Theatre & performance, crisis & survival

ABSTRACT

In this introduction, guest editor Kim Solga reflects on the origins of the issue, details its scope, offers grounding definitions of ‘neoliberalism’ and ‘the neoliberal university’, and charts one possible way forward, in hope.

Only a few years ago, ‘crisis of the humanities’ might have referred to the long, slow decline in the numbers of university students studying the humanities, or to one or another element of the culture wars – identity politics, poststructuralism, new historicism, cultural studies … the politics of literary canons. Today, those topics have the feel of another epoch (Brown Citation2011, 283).

‘Theatre and performance vs the “crisis in the humanities”’ has a very personal origin story.
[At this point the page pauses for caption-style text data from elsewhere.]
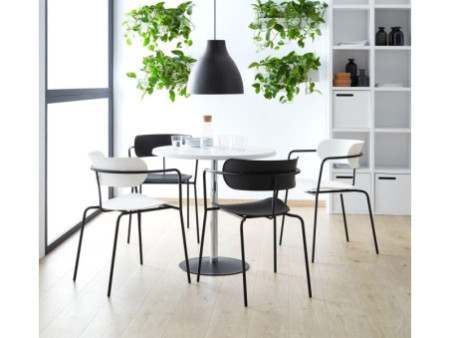 PAPERFLOW Chaise visiteur BISTRO, set de 4, noir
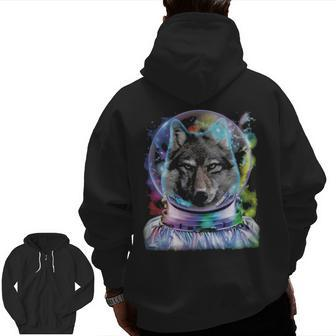 Wolf As Astronaut Exploring Galaxy Space Zip Up Hoodie Back Print | Mazezy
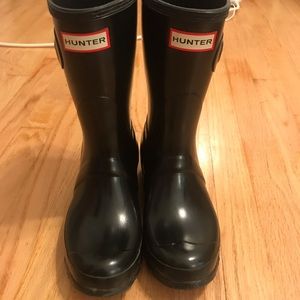 Classic Short Black Glossy Hunter Rain Boots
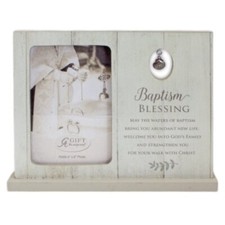 Baptism Blessing Standing Photo Frame, Religious Keepsake Gift for Christenings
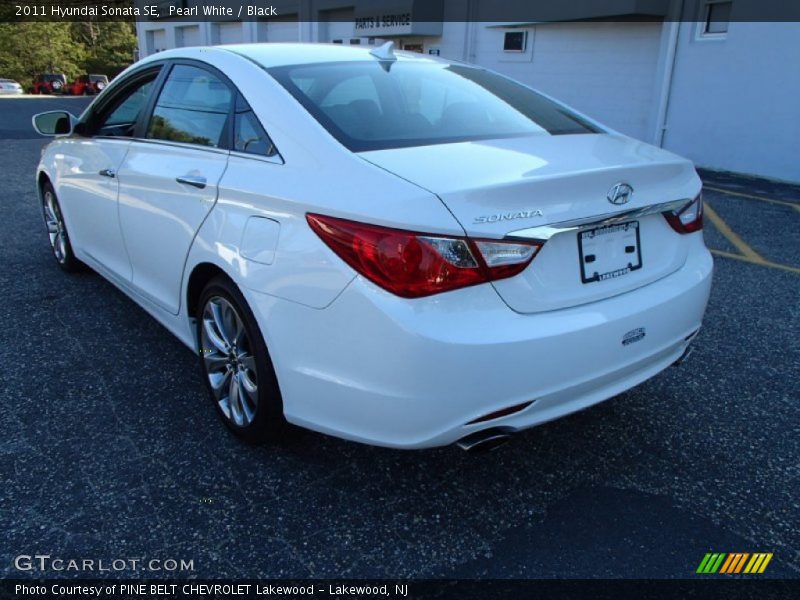 Pearl White / Black 2011 Hyundai Sonata SE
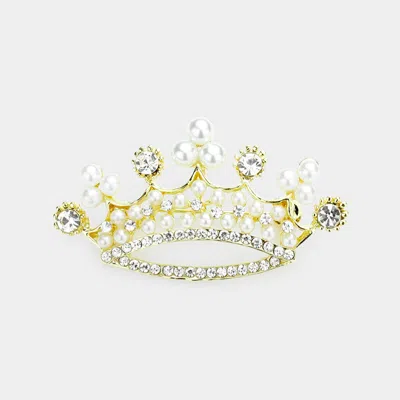 Fashnzfab Pearl Stone Embellished Crown Pin Brooch In Gold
It was late 2012, and I was working as a Senior Lecturer in Drama at Queen Mary, University of London – pretty much my dream job. My then-husband and I were living in South London, in a neighbourhood that had once been, perhaps, not much to look at (though a happy enough home to immigrants and regular working people) but was now full-on gentrified. We rented a two-bed garden flat that cost more than 75% of my take-home pay. The rest of our finances we cobbled together from J’s tech-entrepreneur income. Some months were way up, and some were way down.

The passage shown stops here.